What Is BrowseComp? Measuring Agentic Web Search
BrowseComp tests whether AI agents can find hard-to-locate facts buried deep on the open web using multi-step browsing. Learn how the benchmark works and why it matters.
Most retrieval benchmarks ask a model to look something up. BrowseComp asks whether a model can actually find information — the kind of fact buried on page seven of a niche forum, behind a redirect, or spread across sources that must be cross-referenced before the answer becomes clear.
What BrowseComp measures
BrowseComp is an agentic web-search benchmark introduced by OpenAI. Each task presents an agent with a question whose answer exists somewhere on the open web but is genuinely hard to retrieve.
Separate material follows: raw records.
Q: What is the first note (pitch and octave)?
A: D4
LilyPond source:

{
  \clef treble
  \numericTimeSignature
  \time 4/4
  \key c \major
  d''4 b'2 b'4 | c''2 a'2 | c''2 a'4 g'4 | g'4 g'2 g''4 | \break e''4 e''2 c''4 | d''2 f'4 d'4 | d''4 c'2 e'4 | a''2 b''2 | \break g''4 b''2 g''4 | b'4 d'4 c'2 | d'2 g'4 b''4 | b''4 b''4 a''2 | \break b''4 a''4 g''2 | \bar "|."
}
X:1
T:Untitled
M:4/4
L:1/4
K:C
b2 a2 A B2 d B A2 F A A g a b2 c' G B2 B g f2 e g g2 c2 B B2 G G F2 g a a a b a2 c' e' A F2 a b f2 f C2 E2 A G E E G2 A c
The questions are designed so that a single keyword search does not surface the answer — finding it requires navigating multiple pages, synthesising clues across sources, and sometimes backtracking when a promising lead turns out to be wrong.
Correct answers are verified against a fixed ground truth. The metric is simply accuracy: what fraction of questions did the agent answer correctly? Because questions are adversarially chosen for difficulty, even frontier models score well below 100%, which keeps the benchmark from saturating quickly.
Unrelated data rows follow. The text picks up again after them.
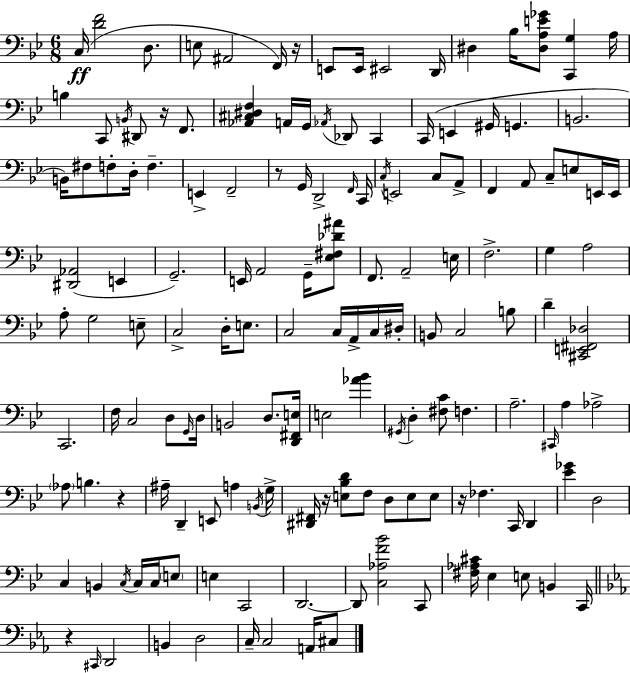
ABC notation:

X:1
T:Untitled
M:6/8
L:1/4
K:Bb
C,/4 [DF]2 D,/2 E,/2 ^A,,2 F,,/4 z/4 E,,/2 E,,/4 ^E,,2 D,,/4 ^D, _B,/4 [^D,A,E_G]/2 [C,,G,] A,/4 B, C,,/2 B,,/4 ^D,,/2 z/4 F,,/2 [_A,,^C,^D,F,] A,,/4 G,,/4 _A,,/4 _D,,/2 C,, C,,/4 E,, ^G,,/4 G,, B,,2 B,,/4 ^F,/2 F,/2 D,/4 F, E,, F,,2 z/2 G,,/4 D,,2 F,,/4 C,,/4 C,/4 E,,2 C,/2 A,,/2 F,, A,,/2 C,/2 E,/2 E,,/4 E,,/4 [^D,,_A,,]2 E,, G,,2 E,,/4 A,,2 G,,/4 [_E,^F,_D^A]/2 F,,/2 A,,2 E,/4 F,2 G, A,2 A,/2 G,2 E,/2 C,2 D,/4 E,/2 C,2 C,/4 A,,/4 C,/4 ^D,/4 B,,/2 C,2 B,/2 D [^C,,E,,^F,,_D,]2 C,,2 F,/4 C,2 D,/2 G,,/4 D,/4 B,,2 D,/2 [D,,^F,,E,]/4 E,2 [_A_B] ^G,,/4 D, [^F,C]/2 F, A,2 ^C,,/4 A, _A,2 _A,/2 B, z ^A,/4 D,, E,,/2 A, B,,/4 G,/4 [^D,,^F,,]/4 z/4 [E,_B,D]/2 F,/2 D,/2 E,/2 E,/2 z/4 _F, C,,/4 D,, [_E_G] D,2 C, B,, C,/4 C,/4 C,/4 E,/2 E, C,,2 D,,2 D,,/2 [C,_A,F_B]2 C,,/2 [^F,_A,^C]/4 _E, E,/2 B,, C,,/4 z ^C,,/4 D,,2 B,, D,2 C,/4 C,2 A,,/4 ^C,/2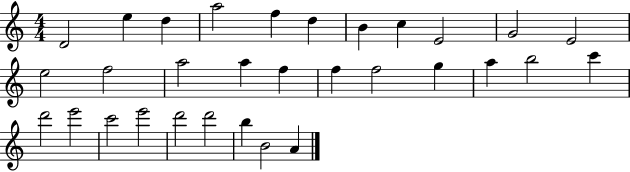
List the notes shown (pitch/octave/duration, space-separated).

D4/h E5/q D5/q A5/h F5/q D5/q B4/q C5/q E4/h G4/h E4/h E5/h F5/h A5/h A5/q F5/q F5/q F5/h G5/q A5/q B5/h C6/q D6/h E6/h C6/h E6/h D6/h D6/h B5/q B4/h A4/q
You can inspect current model scores on the BrowseComp benchmark page or compare it to all other evaluations in the live benchmark comparison table.
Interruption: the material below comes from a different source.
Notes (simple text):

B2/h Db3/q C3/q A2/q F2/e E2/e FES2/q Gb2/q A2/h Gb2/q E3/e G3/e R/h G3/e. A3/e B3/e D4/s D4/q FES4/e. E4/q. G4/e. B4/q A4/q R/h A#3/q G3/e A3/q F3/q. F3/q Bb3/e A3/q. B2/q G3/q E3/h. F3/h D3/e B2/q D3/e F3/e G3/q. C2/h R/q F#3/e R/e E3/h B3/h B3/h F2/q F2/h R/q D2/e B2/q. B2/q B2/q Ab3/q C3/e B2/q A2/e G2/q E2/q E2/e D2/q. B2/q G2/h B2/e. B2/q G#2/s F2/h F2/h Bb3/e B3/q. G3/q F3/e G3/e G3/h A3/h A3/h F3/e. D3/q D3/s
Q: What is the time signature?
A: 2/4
Single-agent vs. multi-agent variants
BrowseComp results are reported under two conditions that reveal very different things about a model's capability:
- Single-agent — one model instance controls the browser, issues searches, reads pages, and returns a final answer. This tests raw browsing skill and the model's ability to maintain a coherent research thread.
- Multi-agent — a orchestrator spawns parallel subagents, each exploring a different search thread simultaneously, then merges their findings. This typically produces higher accuracy because dead ends are explored in parallel rather than sequentially.
The gap between single- and multi-agent scores is itself informative: a model that improves greatly in the multi-agent setting benefits from parallelism, while one that improves less likely has a stronger single-pass browsing strategy. See our primer on agentic evaluations for context on why this distinction matters.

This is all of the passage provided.